There are many, many things that make me want to tear my hair out and gnash my teeth and put on a hair shirt when we’re talking mothering. Isaac stops mid-dinner most nights and announces that he needs to poop and that he would like someone to come watch him please. Matthew spills yogurt drink on his cloth dining room chair pretty much every day. But the two things that push me over the edge are 1) the constant “Mom? look at this”, “hey mom, look!”, “check this out, Mom” coming from the back seat while I try to drive. I must get asked to view something behind me about 18 times for every mile I drive. And I calmly say, “you know I cannot turn around while I drive. My job is to keep you safe.” every time. And bite my cheeks until they bleed. 2) I’m hungry.

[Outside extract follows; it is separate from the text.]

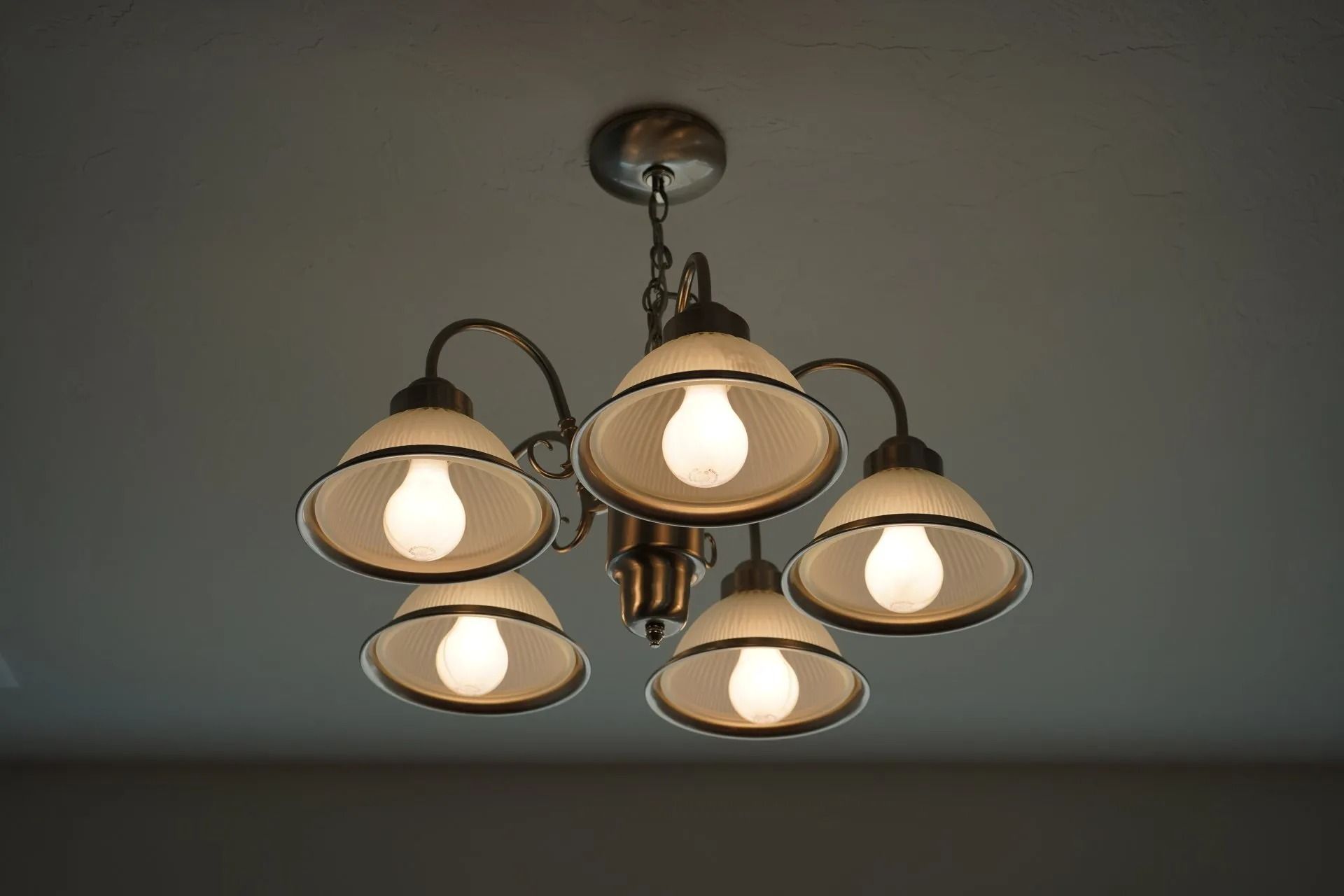 A five-light bronze chandelier with frosted glass shades hanging from a ceiling.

Shall I elaborate? I put on a 25 minute TV show and start washing dishes, paying bills, relaxing, anything. Right when I get going, Isaac calls, “I’m hungry!”. I get him a snack and get back to business and Matthew mumbles, “I hungry too. Hungry.” This cycle continues forever. They each ate about 4 snacks during one TV show the other day. I think Isaac is growing. He ate 4 bananas before lunch the other day. So for their very safety, I made the snack drawer.

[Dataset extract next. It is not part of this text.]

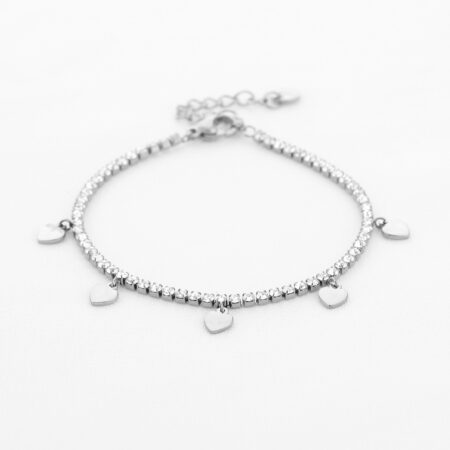 Strass armband zilver met hartjes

There is one in the refrigerator too with cheese sticks, yogurt, and homemade granola bars. The rule right now is get whatever you want, whenever you want. I don’t want or need to know about it. The trick is that I feel pretty darn good about 85% of the food in there. The other 15% I still feel good about, I just want them to have it in moderation. There is only one catch. No snacks when the pantry says “STOP”.
I switch it over when meal time is coming up or if I just think they are overeating or something. But if they see this, it’s a free for all:
There is only one change I think I will make. I’m going to take the snacks that I want them to eat only in moderation (gummies, yogurt raisins, and cookies) and put them in a special basket that means they can only have one thing from the basket every day. I’m trying to gauge what they are eating now and see if I need to. The first snacks they chose were an apple (Matthew) and pretzels (Isaac). If they start to abuse the sweets, I may move forward. We’ll see.
Already I am less hostile towards them, and in general. Leaving for church on Sunday, I just hollered, “everybody grab a snack”. And while they still ask if they can have a snack, no action is required on my part.
Glorious. Glorious, I tell you.
Now how can we make them leave me alone while I’m driving?